§ **What is needed**: Set down again, exactly and only, the lines from the one that contains "Der Teig für" through the last line of the records below, both included, but not the pictures.

------ Given data

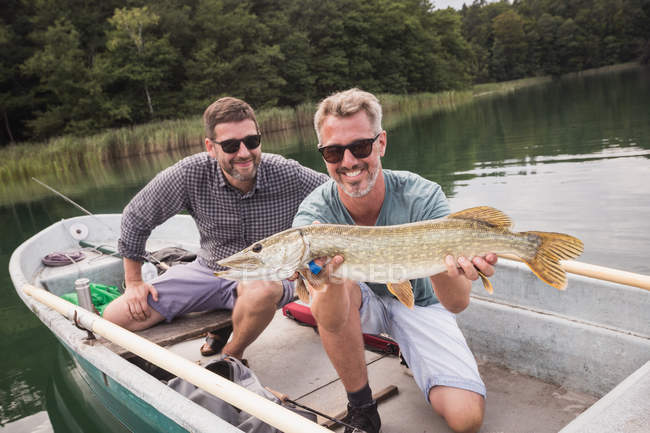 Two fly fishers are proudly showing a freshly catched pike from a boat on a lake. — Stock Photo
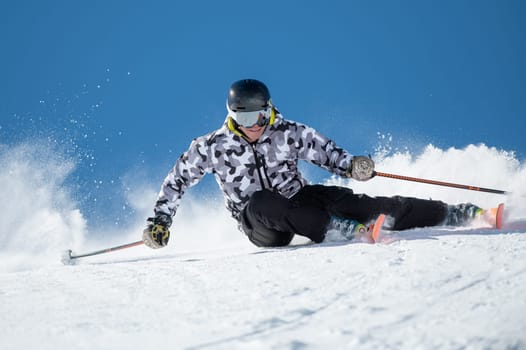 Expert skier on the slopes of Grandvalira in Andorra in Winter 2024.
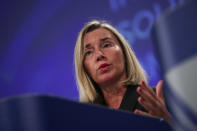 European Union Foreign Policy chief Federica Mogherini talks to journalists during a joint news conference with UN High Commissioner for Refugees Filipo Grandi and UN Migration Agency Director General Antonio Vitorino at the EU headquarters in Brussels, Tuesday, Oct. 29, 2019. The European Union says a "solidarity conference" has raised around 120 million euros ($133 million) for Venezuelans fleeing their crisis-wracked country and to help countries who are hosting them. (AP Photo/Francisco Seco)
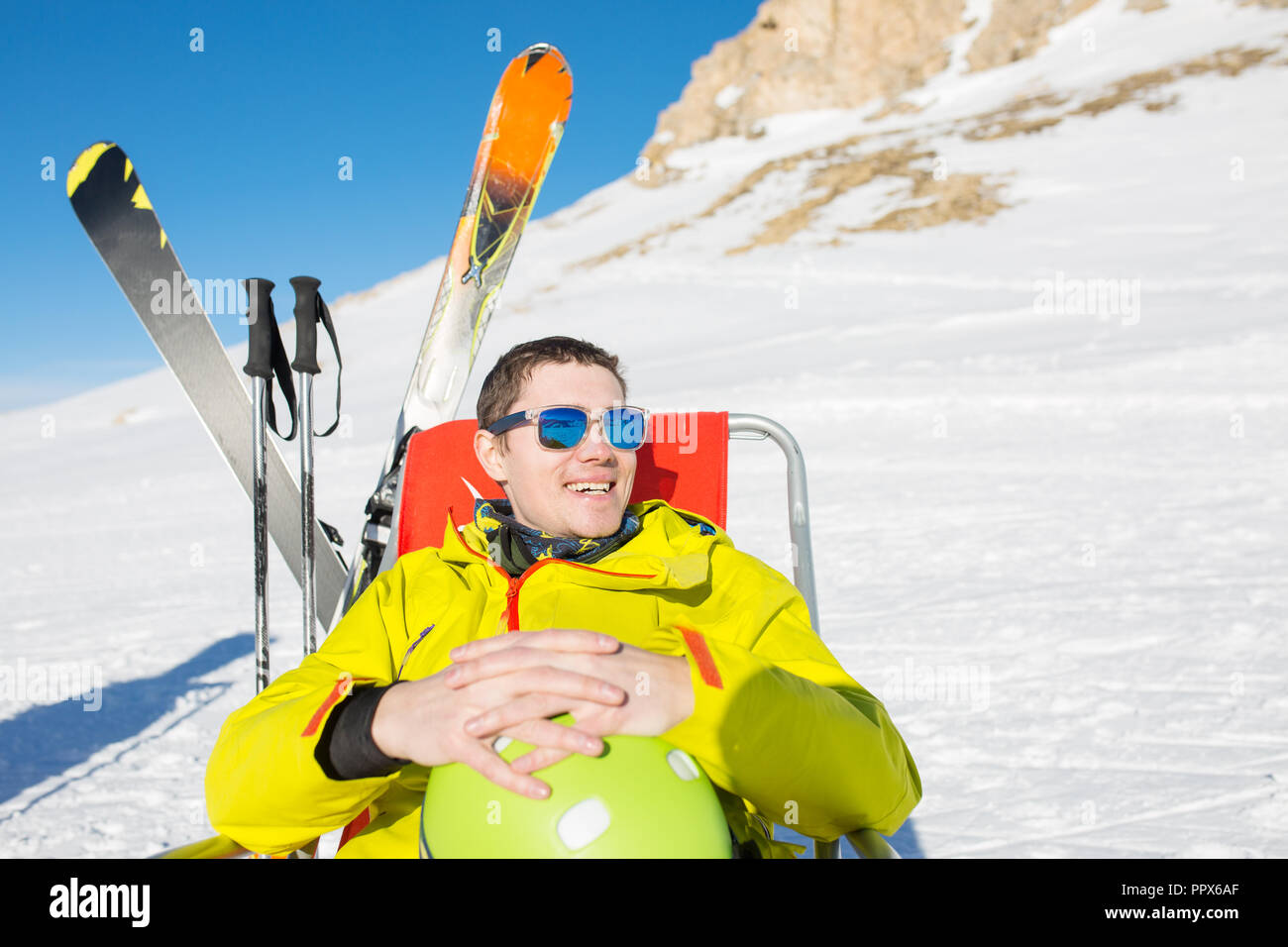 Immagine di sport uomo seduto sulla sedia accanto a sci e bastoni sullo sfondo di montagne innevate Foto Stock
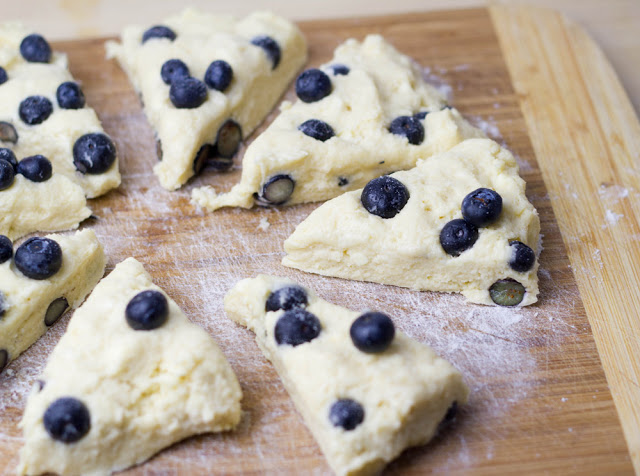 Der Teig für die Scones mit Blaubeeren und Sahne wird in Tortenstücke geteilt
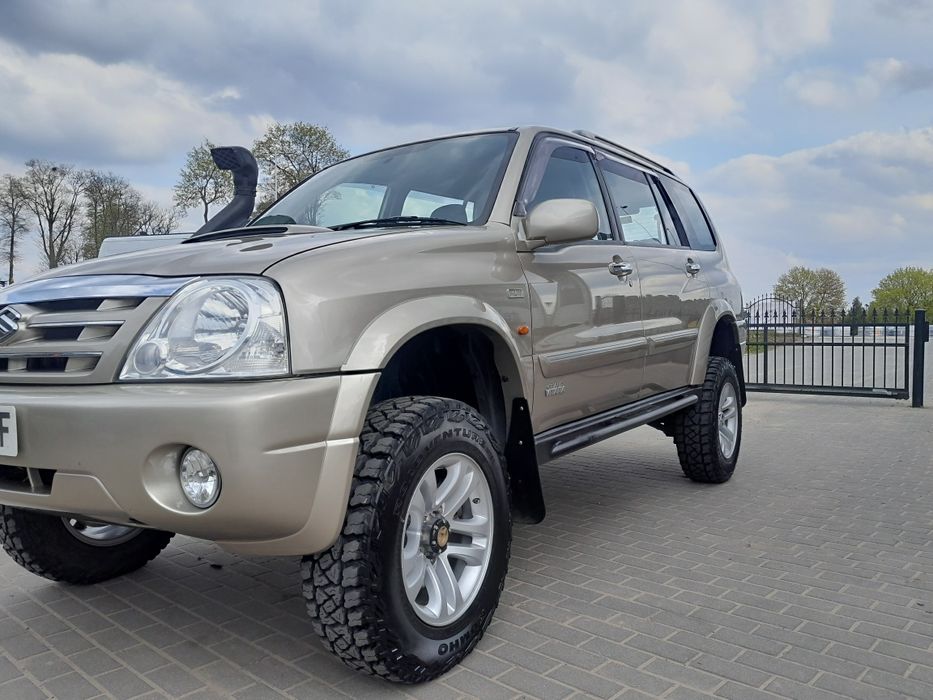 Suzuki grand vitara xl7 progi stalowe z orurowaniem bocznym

------------

§ **Exercise result**:
 Der Teig für die Scones mit Blaubeeren und Sahne wird in Tortenstücke geteilt
 Suzuki grand vitara xl7 progi stalowe z orurowaniem bocznym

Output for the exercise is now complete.